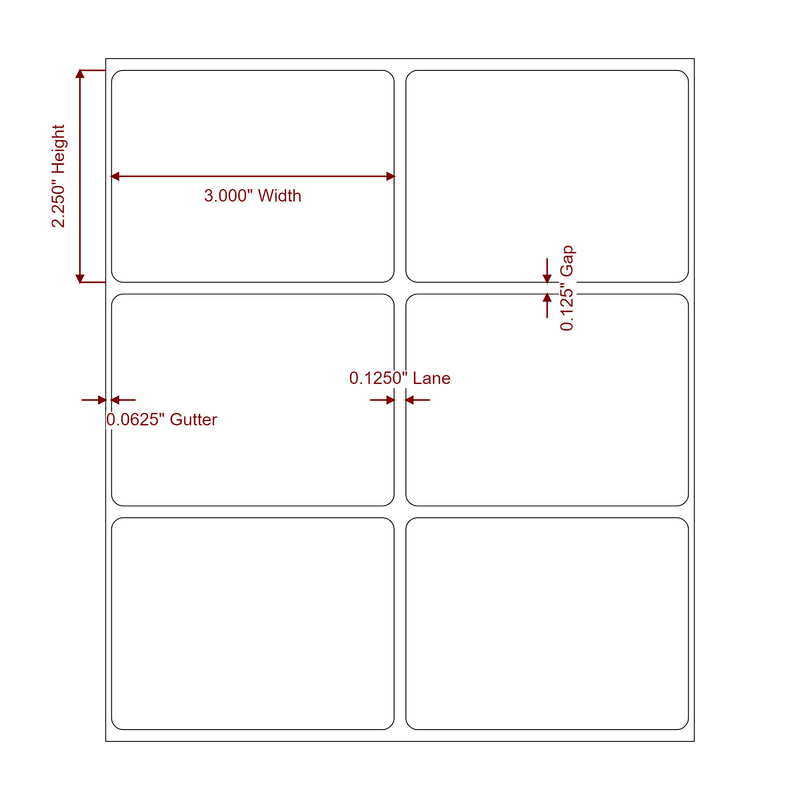 3" x 2.25" Inkjet Label Rolls | 2-Up | Fits Epson ColorWorks, VIPColor & Primera - Label Diagram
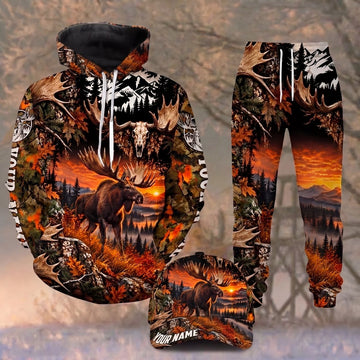 Maxcorners Moose Hunting Skull Horns Autumn Camo Sunset Landscape Personalized Name 3D Shirt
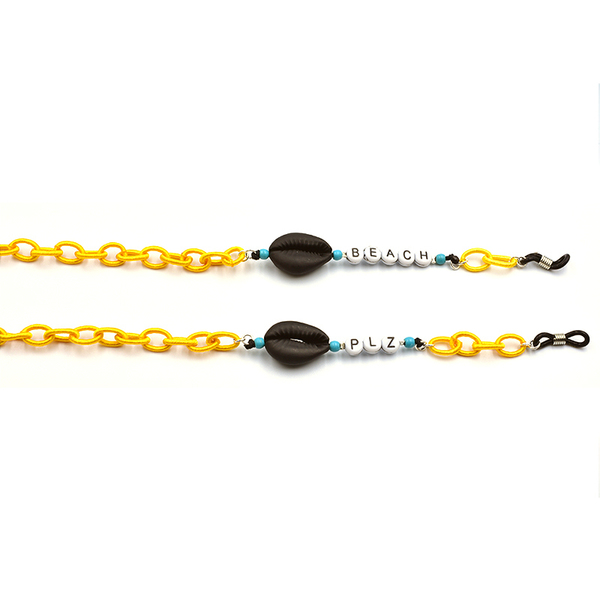 BEACH PLZ Χειροποίητη Αλυσίδα Γυαλιών σε Κίτρινο Χρώμα με Μαύρα Κοχύλια Cowrie - αλυσίδες, δώρο, boho
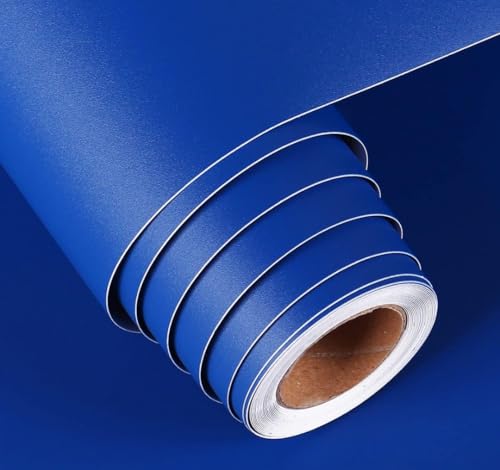 Image of DEEMUS Blue Matte Peel & Stick Self Adhesive Waterproof Sticker for Living Room, Bedroom Office,Almirah, Floor, Tabletop, Wall, Fridge,& Renovation Projects (2 x 10 Feet)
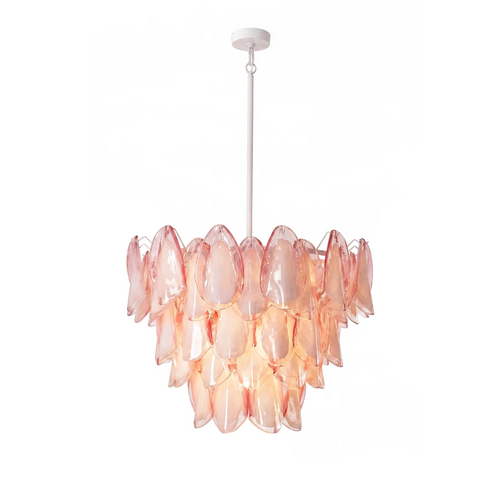 Rosalind Pink Glass Petal Chandelier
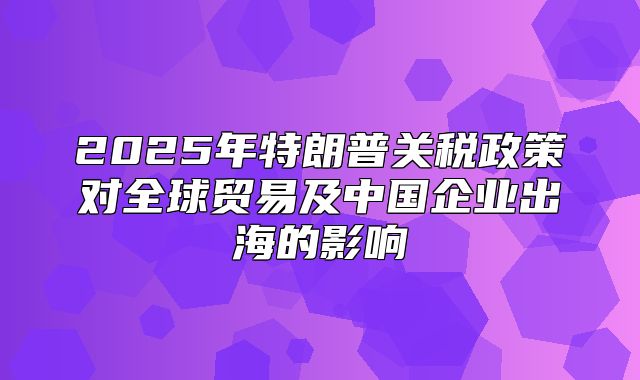 2025年特朗普关税政策对全球贸易及中国企业出海的影响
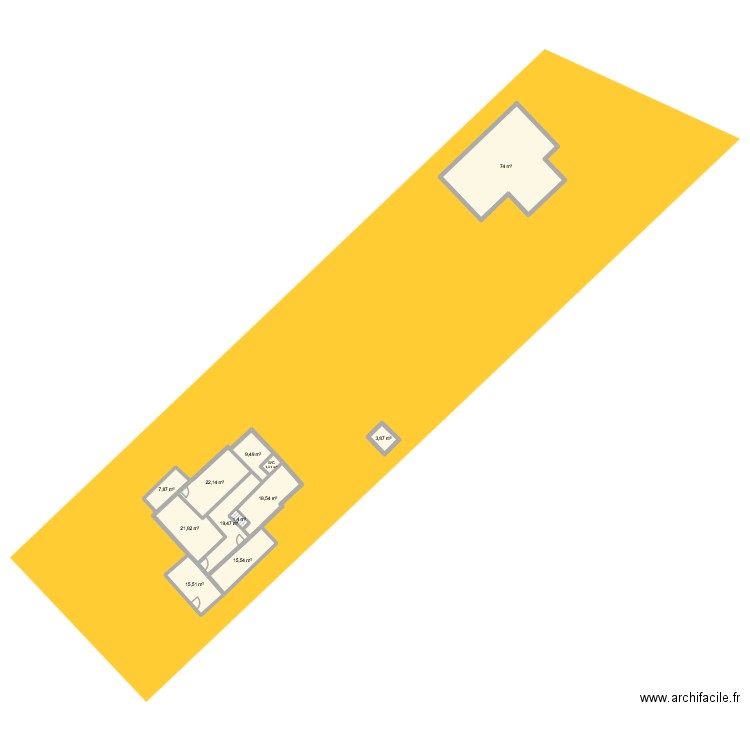 Plan Montmain 350 calvaire Projeté. Plan de 12 pièces et 212 m2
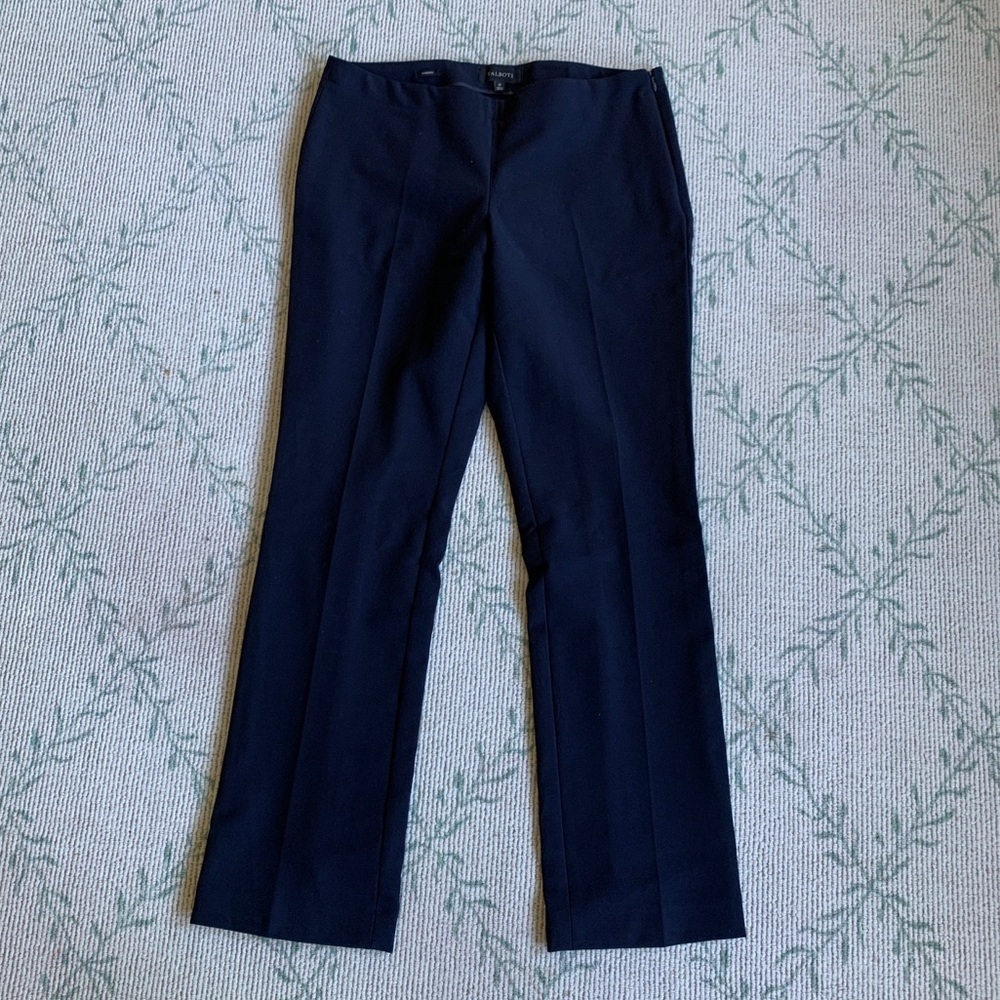Talbots // navy modern front pleat work pant size 10 PAT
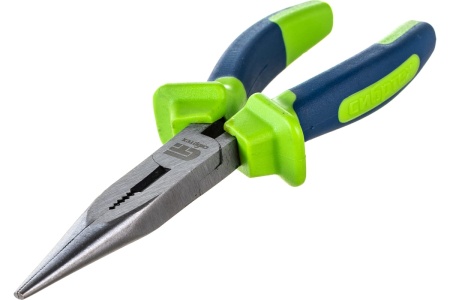 Прямые длинногубцы СИБРТЕХ 180 мм, двухкомпонентные рукоятки 17105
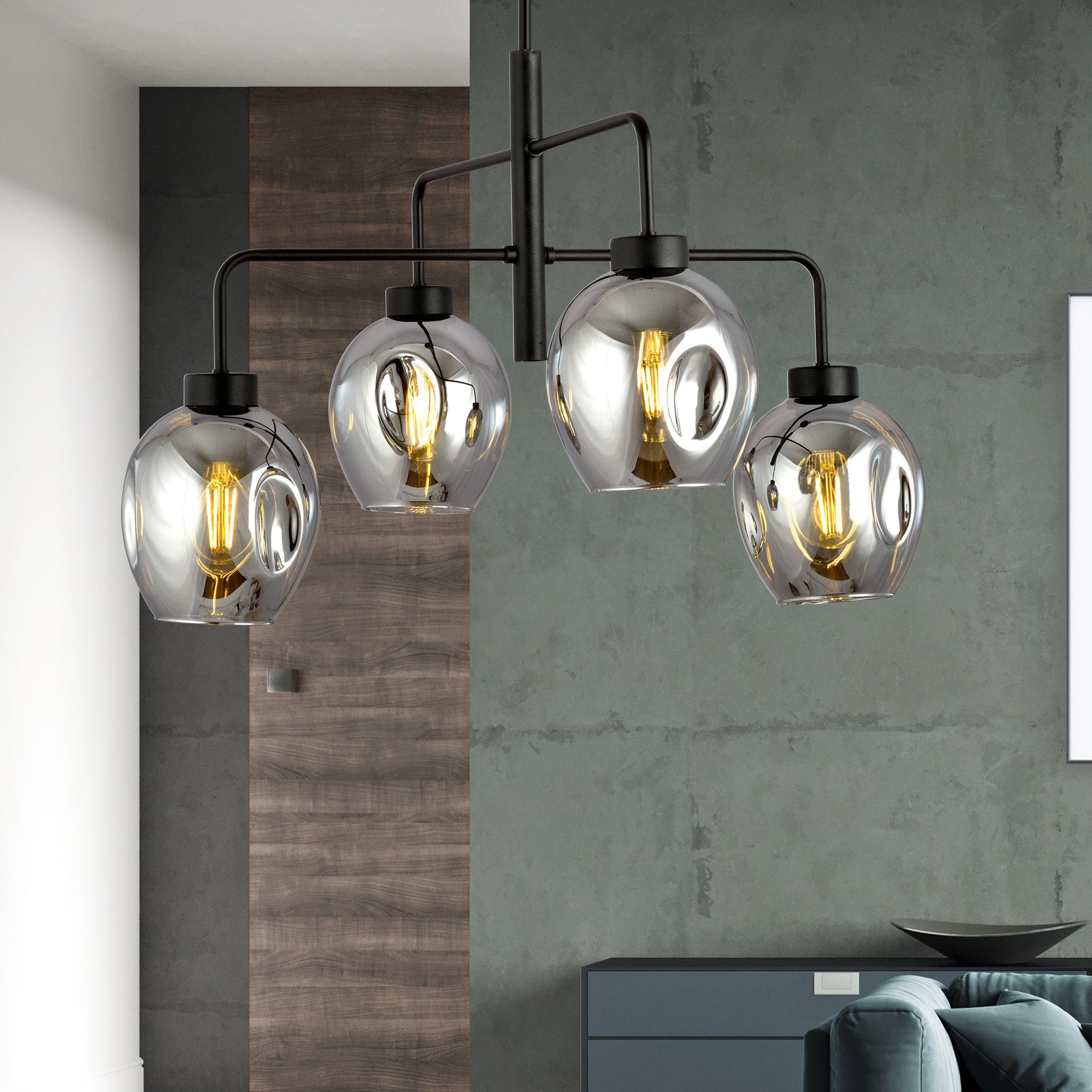 Suspension Lukka abase en métal en forme de fourche au design contemporain par Emibig Suspension Lukka abase en métal en forme de fourche au design contemporain par Emibig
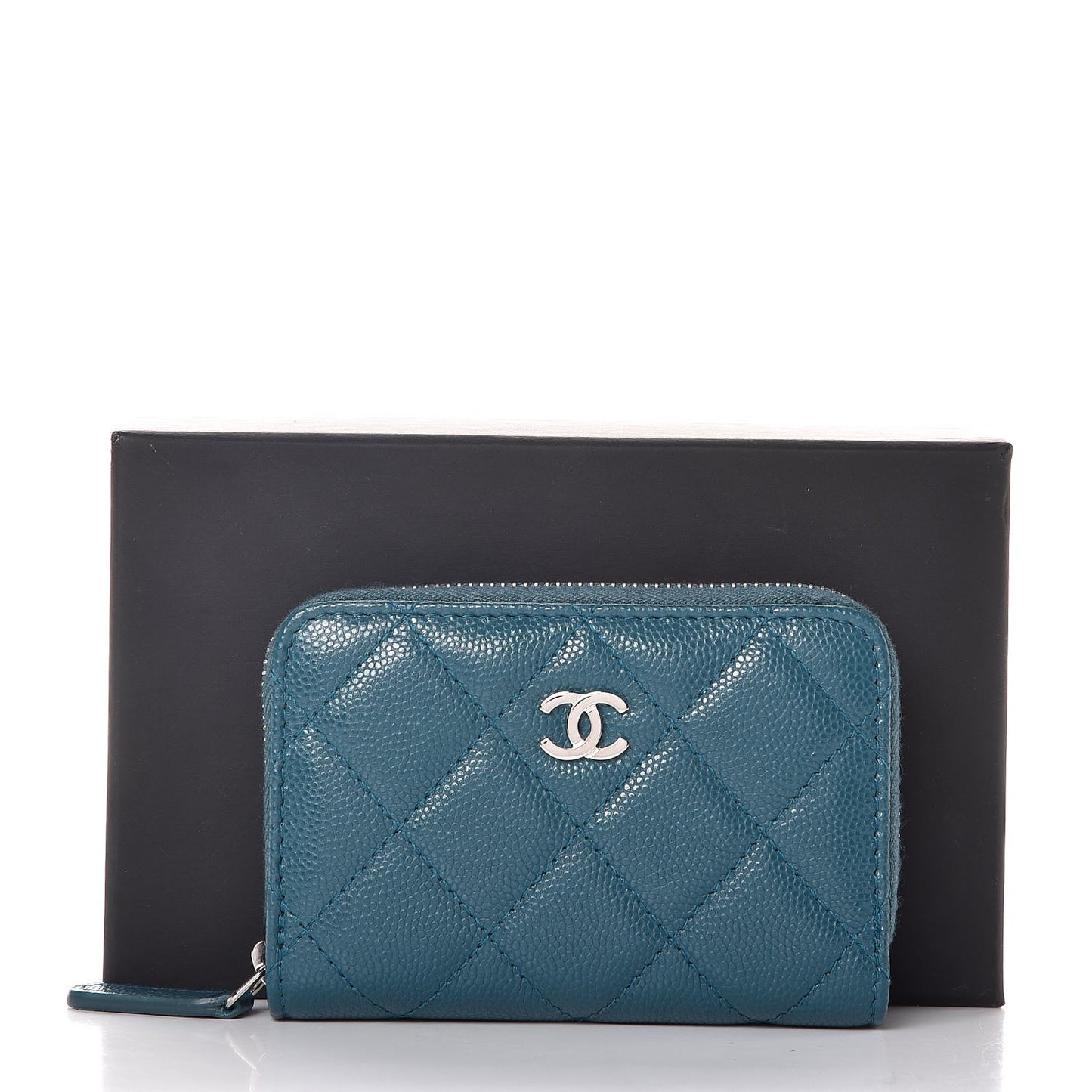 Caviar Quilted Zip Coin Purse Dark Turquoise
◇ ◇ ◇ ◇ ◇
EXERCISE:
The expected output is the lines above from the one containing "Plan Montmain 350" to the one containing "Прямые длинногубцы СИБРТЕХ", both ends included, reproduced exactly with every picture left out.

ANSWER SECTION:
 Plan Montmain 350 calvaire Projeté. Plan de 12 pièces et 212 m2
Talbots // navy modern front pleat work pant size 10 PAT
 Прямые длинногубцы СИБРТЕХ 180 мм, двухкомпонентные рукоятки 17105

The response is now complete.